Background Suicide is common in the context of depression and bipolar disorders, but there remains a lack of understanding as to how suicide ideation, a common symptom of mood disorders, progresses to suicidal behaviour. Irritability, a feature of some types of depression, is thought to contribute to the development of suicidal behaviour, but these associations are not well established.
Objective To examine the relationship between irritability and suicide ideation according to the subtype of depression expressed in patients with mood disorder.
Methods 75 patients with mood disorders seen at the CADE (Clinical Assessment Diagnostic Evaluation) Clinic underwent clinical assessment for suicidal ideation (Paykel Suicide Scale), symptom severity (Young Mania Rating Scale (YMRS), Hamilton Rating Scale for Depression (HAM-D) (anxious depression), Montgomery-Åsberg Depression Rating Scale (MADRS) (melancholic depression)) and irritability (item 5 of the YMRS).
Findings Interestingly, irritability correlated with mania (r=0.734, p<0.001 (YMRS)) and depressive symptom scores (r=0.369, p<0.001 (MADRS); r=0.477, p<0.001 (HAM-D)), which in turn correlated with suicide ideation scores (r=0.364, p<0.01 (MADRS); r=0.275, p=0.017 (HAM-D)). However, despite this indirect association, there was no direct correlation between irritability and suicide ideation (r=0.050, p>0.05).

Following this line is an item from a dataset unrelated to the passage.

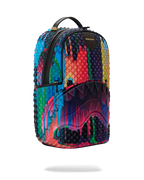 SAMURAI COLOR EFFECT BACKPACK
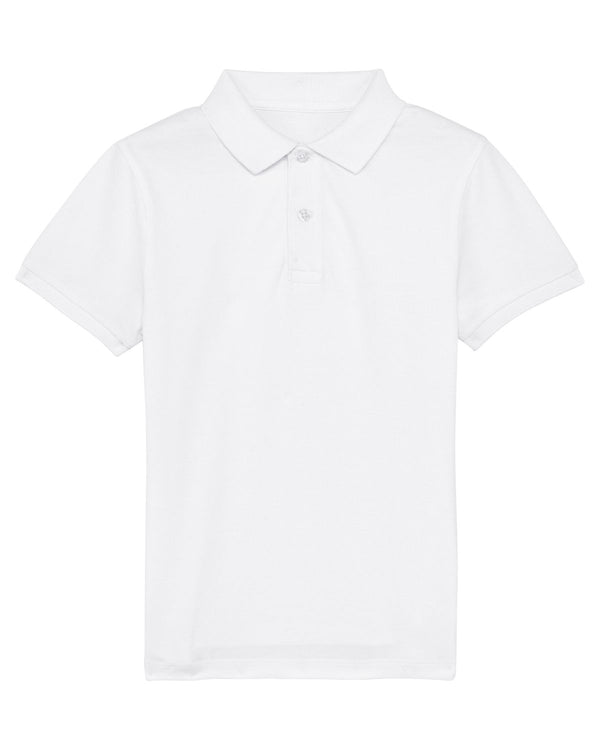 Le polo iconique enfant  - Mini Sprinter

Conclusions The nature of the relationship between irritability and suicidal ideation is determined by the emotional context within which irritability operates.
Clinical implications Findings suggest that rather than examining irritability alone, consideration of the subtype of depression, especially that of anxious depression, should be paramount in assessing suicide risk.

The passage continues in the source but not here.